ALEXANDRIA, Va.—Nearly four out of five available job openings are at small businesses, and they have been responsible for all of the net job growth in the United States since the onset of the COVID-19 pandemic, reports The Wall Street Journal.
However, what may seem like good news for the economy can be bad news for markets. If the job market remains strong, analysts expect the Federal Reserve to continue to increase interest rates in efforts to slow down the economy and minimize inflation.
“Small businesses are literally holding up the labor market,” Aneta Markowska, Jefferies chief economist, told the Journal. She said small businesses were responsible for 78% of the U.S. job listings in November and 91% of the post-pandemic increase in job openings.

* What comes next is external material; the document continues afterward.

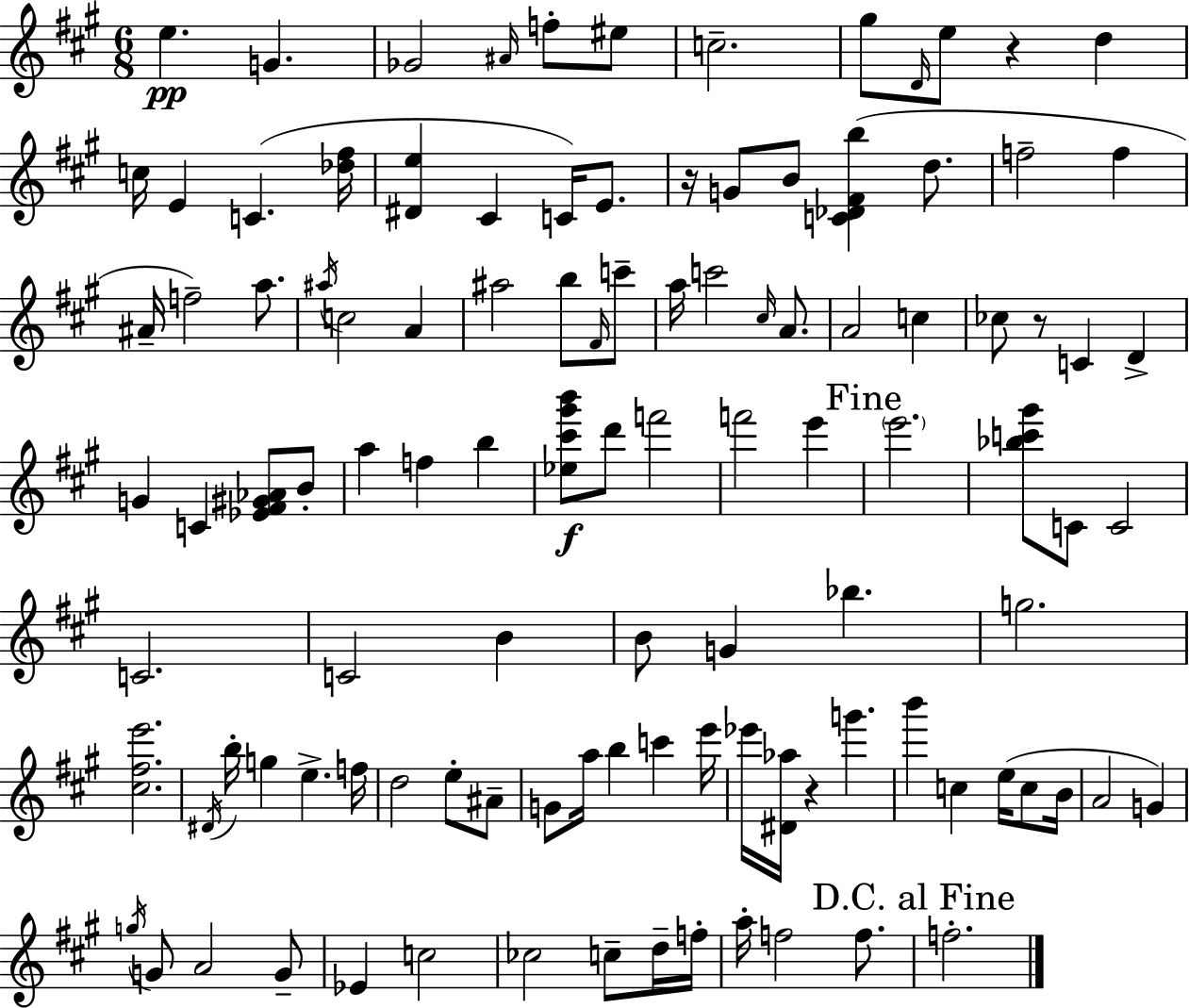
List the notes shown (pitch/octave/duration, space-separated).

E5/q. G4/q. Gb4/h A#4/s F5/e EIS5/e C5/h. G#5/e D4/s E5/e R/q D5/q C5/s E4/q C4/q. [Db5,F#5]/s [D#4,E5]/q C#4/q C4/s E4/e. R/s G4/e B4/e [C4,Db4,F#4,B5]/q D5/e. F5/h F5/q A#4/s F5/h A5/e. A#5/s C5/h A4/q A#5/h B5/e F#4/s C6/e A5/s C6/h C#5/s A4/e. A4/h C5/q CES5/e R/e C4/q D4/q G4/q C4/q [Eb4,F#4,G#4,Ab4]/e B4/e A5/q F5/q B5/q [Eb5,C#6,G#6,B6]/e D6/e F6/h F6/h E6/q E6/h. [Bb5,C6,G#6]/e C4/e C4/h C4/h. C4/h B4/q B4/e G4/q Bb5/q. G5/h. [C#5,F#5,E6]/h. D#4/s B5/s G5/q E5/q. F5/s D5/h E5/e A#4/e G4/e A5/s B5/q C6/q E6/s Eb6/s [D#4,Ab5]/s R/q G6/q. B6/q C5/q E5/s C5/e B4/s A4/h G4/q G5/s G4/e A4/h G4/e Eb4/q C5/h CES5/h C5/e D5/s F5/s A5/s F5/h F5/e. F5/h.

Small businesses (those with less than 250 workers) have hired 3.67 million people since February 2020, whereas large businesses (more than 250 employees) have reduced headcount by 800,000 since then. The Small Business Administration reports that two out of every three jobs were created by small businesses over the past 25 years.
Central bankers say a strong labor market is the main reason for high inflation, despite wages not being able to keep up with rising costs. The Federal Reserve increased interest rates seven times last year, and Fed Chairman Jerome Powell has pointed to the 10.5 million job openings compared to the six million available workers as an example of “economic dislocation” keeping inflation high.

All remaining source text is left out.